That’s not easy for some PhDs to do. So, what happens during that week in the summer, is they come with this project. We take them, disassemble them from their group, and reassign them to teams with people from other parts of the world. They take their ideas to that group, and that group has a fixed time constraint in which they have to engineer a plan for achieving this goal. There’s a lot of role-playing that goes on. Some of them will play the role of students. Others will play the role of faculty members and some of them for the very first time, they feel what it feels like to be in a classroom with them teaching.
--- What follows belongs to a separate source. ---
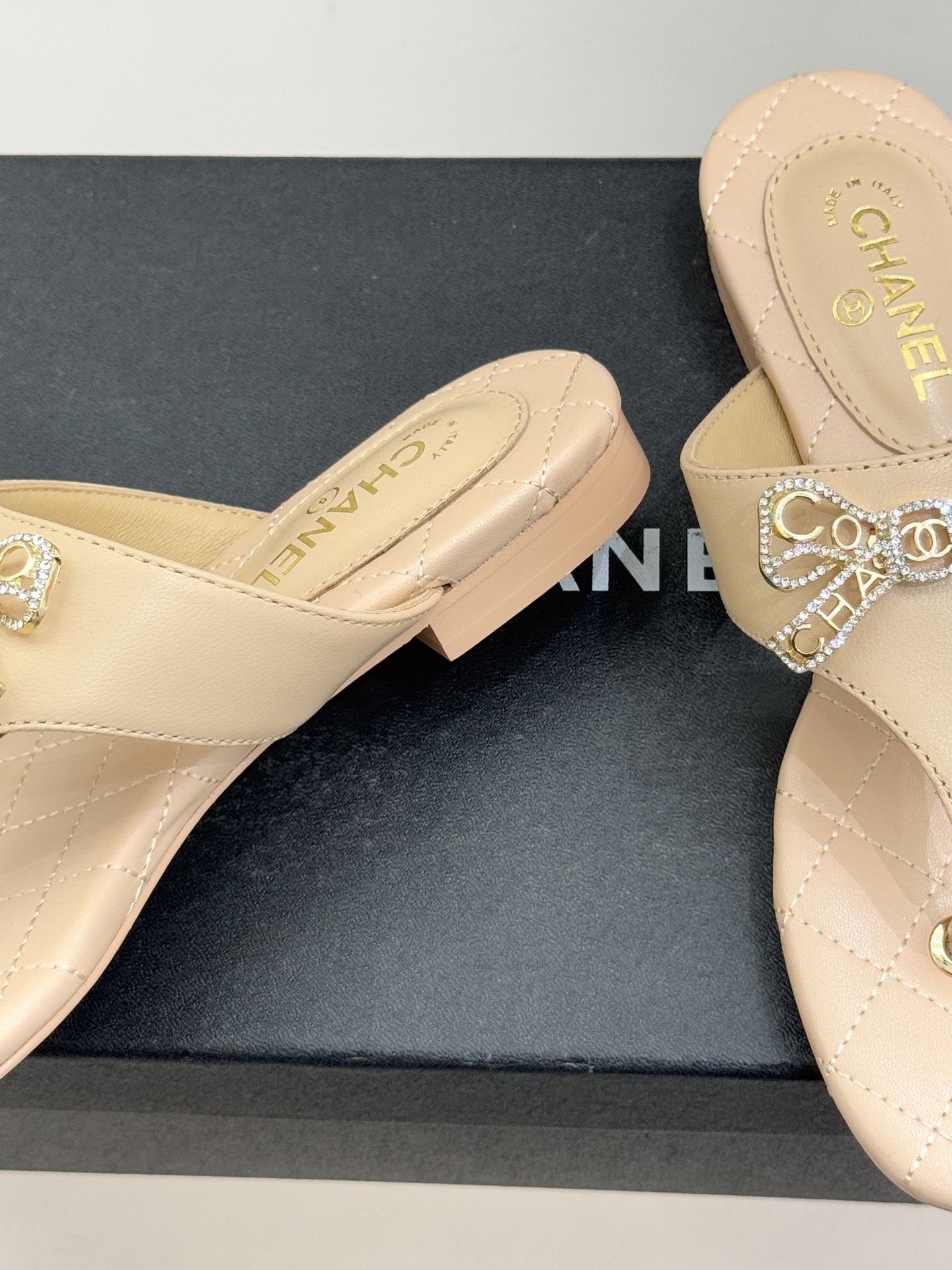 CHANE*｜小香经典水钻双C蝴蝶结平底夹脚人字拖鞋当经典水钻双C遇上灵动金属蝴蝶结这双拖鞋便成了优雅与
On how he knows it’s working:
RM: By the way, how do you know if the students in your class are intrinsically motivated? I claim it’s very easy. You just have to listen for the questions they ask. If the students ask you, “Will this be on the test?” This is not intrinsic motivation. They’re motivated extrinsically by getting a grade. On the other hand, if the students ask you, “I tried over the weekend to make this airplane fly but it failed twice, can you help me figure out how to apply these principles to fix this problem?” That’s intrinsically motivated. They will learn that whether they reviewed it or not.
On what’s at stake:
RM: There are two layers of this. From the national point of view, if we don’t do something to make engineering education more successful in the U.S., America’s economy will change. There’s a national agenda that’s urgent.
But there are bigger issues, too. In 2050, global population is going to spike up to nine billion. There isn’t a single aspect of life on the planet that isn’t going to be affected by this. This means that we’re all family members now. Technology is essentially an amplifier on human actions. As technology increases in power from one generation to the next, it enables a smaller and smaller number of people to affect the lives of a larger and larger group of other people. This could be through nuclear weapons. It could be through cell phones. It could be through the Internet. So, any problems that erupt are now global problems.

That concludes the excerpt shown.